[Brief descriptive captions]
====

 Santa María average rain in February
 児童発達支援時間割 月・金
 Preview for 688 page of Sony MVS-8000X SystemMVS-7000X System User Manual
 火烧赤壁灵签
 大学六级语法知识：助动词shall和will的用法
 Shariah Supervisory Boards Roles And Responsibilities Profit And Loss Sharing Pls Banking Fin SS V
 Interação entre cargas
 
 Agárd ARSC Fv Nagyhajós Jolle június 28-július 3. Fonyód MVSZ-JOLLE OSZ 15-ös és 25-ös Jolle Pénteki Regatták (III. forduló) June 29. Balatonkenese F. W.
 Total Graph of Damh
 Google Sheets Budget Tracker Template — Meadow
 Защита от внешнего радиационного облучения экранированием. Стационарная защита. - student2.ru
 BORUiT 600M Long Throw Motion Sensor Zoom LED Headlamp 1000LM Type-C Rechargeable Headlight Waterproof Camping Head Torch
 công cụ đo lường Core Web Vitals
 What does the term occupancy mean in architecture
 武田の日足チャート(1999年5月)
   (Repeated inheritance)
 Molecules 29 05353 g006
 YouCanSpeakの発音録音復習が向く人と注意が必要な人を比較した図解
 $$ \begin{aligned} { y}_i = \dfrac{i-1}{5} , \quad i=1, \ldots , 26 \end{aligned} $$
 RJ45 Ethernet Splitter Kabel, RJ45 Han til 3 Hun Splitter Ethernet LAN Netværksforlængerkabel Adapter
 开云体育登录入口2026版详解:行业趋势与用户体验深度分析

====

Only the lines from the one with "Защита от внешнего" through the final line above belong in the answer, each retyped exactly.

 Защита от внешнего радиационного облучения экранированием. Стационарная защита. - student2.ru
 BORUiT 600M Long Throw Motion Sensor Zoom LED Headlamp 1000LM Type-C Rechargeable Headlight Waterproof Camping Head Torch
 công cụ đo lường Core Web Vitals
 What does the term occupancy mean in architecture
 武田の日足チャート(1999年5月)
   (Repeated inheritance)
 Molecules 29 05353 g006
 YouCanSpeakの発音録音復習が向く人と注意が必要な人を比較した図解
 $$ \begin{aligned} { y}_i = \dfrac{i-1}{5} , \quad i=1, \ldots , 26 \end{aligned} $$
 RJ45 Ethernet Splitter Kabel, RJ45 Han til 3 Hun Splitter Ethernet LAN Netværksforlængerkabel Adapter
 开云体育登录入口2026版详解:行业趋势与用户体验深度分析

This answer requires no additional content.